You feel empowered about enjoying your money
Financial problems can negatively affect the quality of your life. It could make you lose sleep or be vulnerable to psychological distress. With a budget, you feel empowered because you’re able to take control of your financial situation instead of finding yourself being controlled by a lack of money.
You can increase your savings
Sure, budgeting is about spending your money wisely, but the other side of the coin is that you also need to save money for your future. A budget trains you to be more disciplined in automatically setting aside a portion of your income or earnings—no matter how small the amount—to set up a savings or retirement fund.
Choose Between the Saving vs. Spending Mindset
One of the tests of true financial strength is how well you avoid the trap of merely allocating your income toward spending instead of saving. When you’re on the spending mindset, you’re more likely to say, “I want this now,” which is the complete opposite of the saving mindset where you say, “I want this in the future.”
Did you know? Seventy percent of our economy is based on spending, or consumerism.
Consumerism is an accurate description of how society has been programmed to keep buying things, giving rise to the consumerism mindset. A couple of factors influenced this trend, including credit cards, which made spending so convenient that it allows you to shop even if you don’t have the money for it.
In the United States, the average credit card debt per household reached $7,104 in 2019. Needless to say, you’ll find it harder to save if you keep spending more than what you make because eventually you’ll find yourself sinking into debt—which brings us to the next step you need to take.
“Debt costs money.”
Simply put, debt is borrowed money. The main reason why you need to borrow money is to use it towards a purchase that you cannot afford with the money you have or don’t have. Personal loans, car loans, mortgage, and credit card debt are some of the most common forms of debt. In exchange for loans or debt, you promise to pay the principal amount plus interest.
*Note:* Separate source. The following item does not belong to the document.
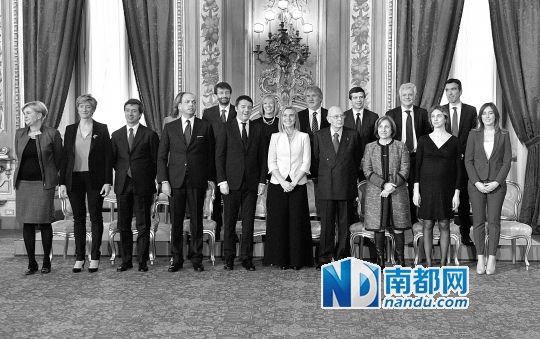 2月22日，在意大利羅馬總統(tǒng)府，新任總理馬泰奧·倫齊(前左五)與總統(tǒng)納波利塔諾(前右四)及新內閣成員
Debt per se isn’t bad. In fact, you can use it as leverage if you want to invest in something that can give you a higher return than the total amount you need to pay off to clear your debt. In this case, it’s considered good debt because it allows you to add to your wealth over time.
The kind of debt you want to avoid is bad debt. With bad debt, there is no real opportunity for you to grow your wealth. On the contrary, bad debt tends to decrease your wealth. For example, taking out a car loan is considered a bad debt. A car’s value is quick to decline with everyday use, not to mention there is an immediate decrease in value the moment you drive a car off the lot.
In this case, it is not wise to borrow money—which you will need to pay off with interest—in exchange for something with a depreciating value, because then it becomes more expensive for you to pay off your debt.
Diversify Your Investments
Investing is when you put money or similar resources toward a precious commodity in order for you to generate income from it through compounding interest.
Here’s how compounding interest works: When you invest, the return on investment (ROI) can be compounded, and then the ROI starts earning, too. Through investments, you can grow your money exponentially, especially if you allow your money plenty of time to compound.
A diversified portfolio of investments offers many opportunities for you to create a passive income, which you can then use to hit your financial goals and, ultimately, increase your wealth.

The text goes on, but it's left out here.